ARQ Realty, which has a private facility in the works at ILM, was added as a co-complainant to a FAA complaint against the airport on June 5. 

The original complaint was filed in late April by Cape Fear Coastal Aviation, a flight school who shares an owner with ARQ. It claims ILM is violating federal fair competition standards by allowing CFCA to be pushed out of its lease by Modern Aviation, allegedly in favor of a different flight school. CFCA also has a pending civil case challenging Modern’s eviction.

Until now, ARQ hasn’t been directly involved in the flight school’s FAA complaint nor lawsuit. 

However, ARQ’s $90-million base has been caught in the lease dispute’s crossfire, causing work on it to stall. ILM Director Jeff Bourk has refused to approve ARQ’s site plans due to alleged safety concerns and FAA design violations; ARQ says the design is a non-issue and has only come up because of ARQ’s connection to CFCA.

ARQ is now saying ILM has allowed those same “safety” violations to exist at its other general aviation facilities, including Modern and AeroCenter. In a response to Port City Daily on Tuesday, ILM did not deny this, but said it was investigating the assertions. 

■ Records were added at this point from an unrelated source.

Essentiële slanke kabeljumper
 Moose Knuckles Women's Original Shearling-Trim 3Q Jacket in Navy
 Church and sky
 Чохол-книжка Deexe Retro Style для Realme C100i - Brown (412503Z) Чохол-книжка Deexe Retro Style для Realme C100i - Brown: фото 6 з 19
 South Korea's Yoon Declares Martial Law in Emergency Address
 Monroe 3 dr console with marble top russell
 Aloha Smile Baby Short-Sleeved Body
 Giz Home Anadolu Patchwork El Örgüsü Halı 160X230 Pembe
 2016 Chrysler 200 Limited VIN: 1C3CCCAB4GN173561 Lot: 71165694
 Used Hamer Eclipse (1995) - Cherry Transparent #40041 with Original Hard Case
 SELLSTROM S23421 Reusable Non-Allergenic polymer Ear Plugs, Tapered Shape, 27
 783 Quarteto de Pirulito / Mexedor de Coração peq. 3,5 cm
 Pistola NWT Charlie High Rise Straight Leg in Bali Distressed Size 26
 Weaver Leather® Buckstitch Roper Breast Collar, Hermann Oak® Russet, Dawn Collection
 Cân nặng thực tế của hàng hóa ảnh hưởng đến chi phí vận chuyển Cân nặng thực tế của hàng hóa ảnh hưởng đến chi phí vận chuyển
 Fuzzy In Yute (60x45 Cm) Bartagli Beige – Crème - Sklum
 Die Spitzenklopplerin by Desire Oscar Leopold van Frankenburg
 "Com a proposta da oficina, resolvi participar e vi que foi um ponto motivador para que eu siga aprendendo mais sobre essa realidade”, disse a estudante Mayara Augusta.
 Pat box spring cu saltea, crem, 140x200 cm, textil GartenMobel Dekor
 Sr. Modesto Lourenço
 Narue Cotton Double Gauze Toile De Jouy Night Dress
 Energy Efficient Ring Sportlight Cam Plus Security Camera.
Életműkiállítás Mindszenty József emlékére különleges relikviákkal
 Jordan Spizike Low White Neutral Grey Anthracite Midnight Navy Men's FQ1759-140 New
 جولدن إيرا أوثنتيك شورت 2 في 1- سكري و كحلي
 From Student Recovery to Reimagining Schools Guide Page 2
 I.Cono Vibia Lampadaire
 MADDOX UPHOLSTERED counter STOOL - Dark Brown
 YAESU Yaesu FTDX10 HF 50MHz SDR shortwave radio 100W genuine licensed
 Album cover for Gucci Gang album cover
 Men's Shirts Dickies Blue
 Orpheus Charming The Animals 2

ARQ’s new complaint also claims ILM — which leases land to Modern, Aerospace and ARQ — offered Modern Aviation lower rent rates than ARQ. ILM, which did not deny the allegation and responded it uses a schedule of rents based on different factors. 

“Without getting into the details, Modern’s rents were established using the rate schedules in effect when the lease or amendment was executed, as adjusted annually pursuant to the terms of the lease,” the ILM team wrote. 

The new information that has come to light adds to ARQ’s suspicions on the reasoning behind Modern and ILM’s spurning of CFCA and ARQ. 

CFCA’s claim is that Modern and ILM are trying to make room for a different flight school, Epic Flight Academy, that will join forces with Cape Fear Community College’s flight training instruction. CFCA claims it was in talks to partner with the college before it was evicted.

ILM has denied both statements. 

The new complaint revealed ARQ hired an investigation firm to learn “why ILM and Modern Aviation had apparently worked together to remove CFCA from the airfield in favor of another lessee, despite CFCA’s diligent compliance with all lease terms.”

According to the complaint, the firm found “a connection between ILM and CFCC.” 

As previously reported by PCD, the airport director’s wife, Michele Bourk, was hired by CFCC in July 2024 to be a career pilot training program instructor. CFCA suggests she was hired to work with Epic Flight Academy, the flight school CFCA claims is its favored replacement.

The investigation firm also found Epic hired Bradley Moody as a satellite operations staff member for the Wilmington region in November 2024 — around the same time Michele Bourk was hired. 

Though this wasn’t noted in the complaint, CFCC President Jim Morton also served as ILM’s finance director for 15 years.  

The firm identified another CFCC connection in Bill Cherry, former owner of Air Wilmington, predecessor to Modern Aviation. Cherry currently serves on the Cape Fear Community College Board of Trustees. Additionally, Cherry’s daughter, Stacey Cherry, is the sales and marketing manager for Modern Aviation. 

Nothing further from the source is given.